[TASK REQUIREMENTS] Beneath this line sits some data. Return only its lines from the one holding "WV license plate 4OQ838" through the one holding "14K White Gold", inclusive, exactly, with the images removed.

[EXERCISE INPUT]
"""

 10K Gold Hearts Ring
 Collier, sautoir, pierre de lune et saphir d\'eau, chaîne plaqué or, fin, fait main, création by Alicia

"""
"""

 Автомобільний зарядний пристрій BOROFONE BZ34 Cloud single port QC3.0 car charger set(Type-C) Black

"""
"""

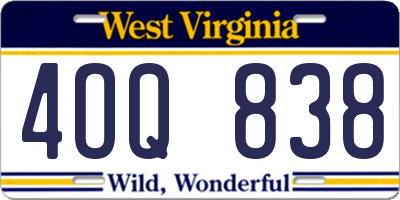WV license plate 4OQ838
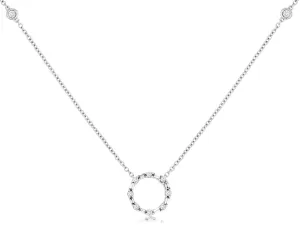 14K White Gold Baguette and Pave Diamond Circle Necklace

"""

[RESULT OF THIS EXERCISE]
WV license plate 4OQ838
 14K White Gold Baguette and Pave Diamond Circle Necklace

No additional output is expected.